Trump led among all demographic groups tested in the poll, but was especially strong among voters who identified themselves as evangelical Christians and the four in 10 likely caucus voters who identified themselves as supporters of Trump’s “Make America Great Again” movement. Among Trump supporters, 60% called themselves “ultra MAGA” or “regular MAGA,” the poll found.
About half of Haley’s supporters identified as “anti-MAGA,” while only 1 in 10 said they were MAGA supporters.
DeSantis’ voters fell between these two poles, with more than half saying they were neutral on the MAGA movement, the poll found.

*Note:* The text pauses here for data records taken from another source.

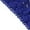 Blue, variant on Ruimatai Women's Lace Thong Underwear Mid Waist Seamless Sexy Comfortable Hip Lifting No Show Panties for Plus Size Hot Soft Stretchy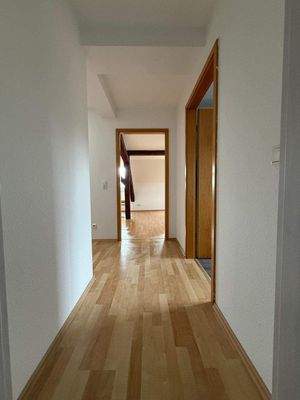 Wohnungsflur einer Wohnung im DG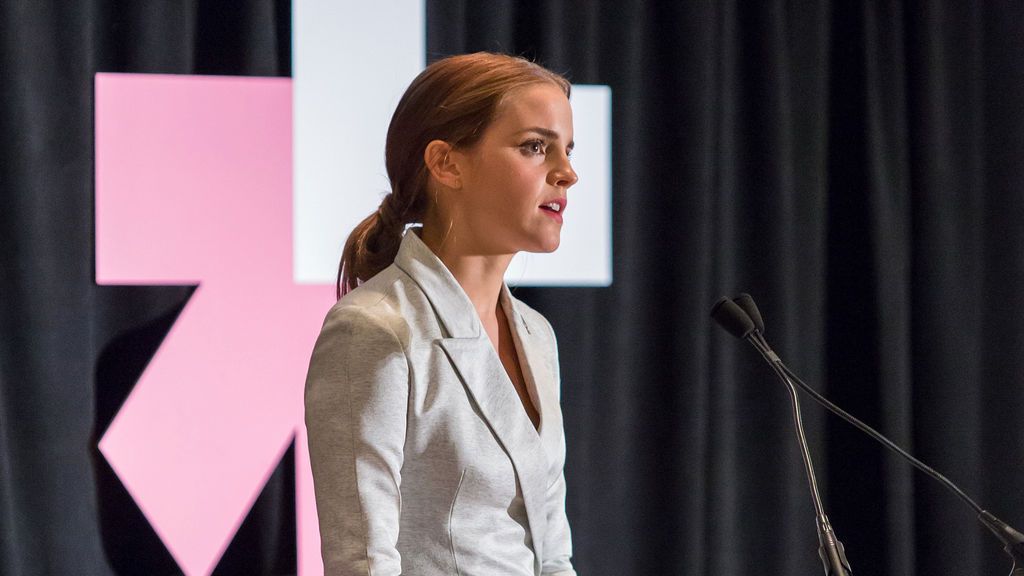 Emma Watson, en su discurso ante la Asamblea de las Naciones Unidas.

Kurt Moore, 54, a DeSantis supporter in Ames, home of Iowa State University, said he didn’t run in the last election because “sometimes you know you’re not going to change anything.”
This time, he said, he would have “driven through a snowstorm” to participate.
“Many of us think we are coming to an end as a country if we don’t move in a new direction,” he said.
“We have a great country… only if we don’t destroy it. With all these people flooding the border… people’s tax dollars are being used to house illegal aliens in schools. We don’t know what a man or a woman is It’s a mess and we have to solve it,” he said. Voters are “willing to go out in two-degree weather to solve the problem,” he added, looking at the roughly 120 people gathered in had gathered a crowded elementary school cafeteria for their caucus.
Moore voted for Trump in 2016 and 2020, but now felt the former president had “had his chance,” he said, and had proven himself inadequate as a leader.
Like several other DeSantis supporters interviewed, he pointed to Trump’s support for lockdowns early in the COVID-19 pandemic and his support for vaccine mandates.
“That’s really what changed everything is the COVID policy,” he said.
In Iowa, as elsewhere, Haley appears to be consolidating support from those who rejected Trump, including disaffected Republicans, independents and some Democrats who said in the poll they planned to cross over and join the Republican caucus, what Iowa rules allow. . She fared best among two groups that have consistently opposed Trump’s suburban voters and white women with college degrees, the poll found.
The poll found that about half of Haley’s supporters were independent or crossover Democrats, and only 23% said they would vote for Trump in a November rematch against President Biden. In contrast, 43% said they would vote for Biden, while the rest supported one of several third-party or independent candidates.
Trump’s criminal liability did not bother the vast majority of likely caucusgoers, the poll found: 6 in 10 said if Trump were convicted it would have no impact on their support for him in November, and another 2 in the 10 said a conviction makes them more likely to vote for the former president. About three-quarters of likely caucus voters said they expected Trump to beat Biden despite his legal troubles.
Only two in 10 likely caucus voters said a conviction would make them less likely to support Trump, but among Haley’s voters, four in 10 said a conviction would make them less likely to support him.
Mehta reported from Des Moines, Lauter from Washington, DC and Pinho from Ames, Iowa. Times staff writer Jack Herrera contributed to this report from Dennison, Iowa.
Fernando Dowling is an author and political journalist who writes for 24 News Globe. He has a deep understanding of the political landscape and a passion for analyzing the latest political trends and news.